Czerwińsk is home to a large medieval monastery with the Romanesque Abbey Church, founded in the 12th century, which is listed as a Historic Monument of Poland as one of the most precious heritage sites of its kind in the country. The oldest known mention of the village comes from a bull of Pope Adrian IV from 1155. Czerwińsk was a major center of culture and commerce in the Middle Ages. Following the fragmentation of Poland, it formed part of the Duchy of Masovia, a provincial duchy of Poland. In 1410, during the Polish–Lithuanian–Teutonic War, the Polish army of King Władysław II Jagiełło crossed the Vistula River nearby to join the Lithuanian army before the Battle of Grunwald. In 1419, an alliance between Poland and the Kalmar Union was formed in the town.
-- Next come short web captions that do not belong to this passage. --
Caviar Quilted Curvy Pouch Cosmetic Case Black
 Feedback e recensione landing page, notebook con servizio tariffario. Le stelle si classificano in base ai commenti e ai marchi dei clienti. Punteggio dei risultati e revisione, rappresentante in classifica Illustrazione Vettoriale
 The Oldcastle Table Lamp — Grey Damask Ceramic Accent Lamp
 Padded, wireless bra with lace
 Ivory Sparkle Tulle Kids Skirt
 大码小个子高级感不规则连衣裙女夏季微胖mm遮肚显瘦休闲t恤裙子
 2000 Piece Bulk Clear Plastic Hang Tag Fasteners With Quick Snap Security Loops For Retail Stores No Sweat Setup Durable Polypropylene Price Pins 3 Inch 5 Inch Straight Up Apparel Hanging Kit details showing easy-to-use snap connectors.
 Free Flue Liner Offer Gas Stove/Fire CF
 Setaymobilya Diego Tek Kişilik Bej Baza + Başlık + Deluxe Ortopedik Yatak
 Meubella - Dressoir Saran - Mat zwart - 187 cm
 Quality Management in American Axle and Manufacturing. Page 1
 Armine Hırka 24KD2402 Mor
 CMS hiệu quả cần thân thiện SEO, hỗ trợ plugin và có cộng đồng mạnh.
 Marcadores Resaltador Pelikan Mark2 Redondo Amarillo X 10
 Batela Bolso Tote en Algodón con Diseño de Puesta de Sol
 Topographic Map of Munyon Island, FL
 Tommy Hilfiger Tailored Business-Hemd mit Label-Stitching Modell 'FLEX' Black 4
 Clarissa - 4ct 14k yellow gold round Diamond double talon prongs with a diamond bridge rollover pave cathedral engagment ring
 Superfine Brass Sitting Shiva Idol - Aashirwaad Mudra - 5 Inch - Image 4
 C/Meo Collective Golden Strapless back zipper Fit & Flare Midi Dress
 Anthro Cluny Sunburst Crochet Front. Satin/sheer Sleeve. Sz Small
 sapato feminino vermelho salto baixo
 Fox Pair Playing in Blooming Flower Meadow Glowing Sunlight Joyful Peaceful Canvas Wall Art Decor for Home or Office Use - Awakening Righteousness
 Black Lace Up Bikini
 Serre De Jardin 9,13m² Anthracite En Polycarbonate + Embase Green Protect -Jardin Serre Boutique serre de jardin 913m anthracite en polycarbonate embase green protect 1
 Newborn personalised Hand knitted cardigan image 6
It was reincorporated directly into the Kingdom of Poland in 1526 after the extinction of the Masovian line of the Piast dynasty. Afterwards, it was administratively located in the Ciechanów Land in the Masovian Voivodeship in the Greater Poland Province.

During the German occupation of Poland (World War II), in 1940, the German gendarmerie carried out expulsions of Poles, who were afterwards deported to forced labour, while their houses and farms were handed over to German colonists as part of the Lebensraum policy.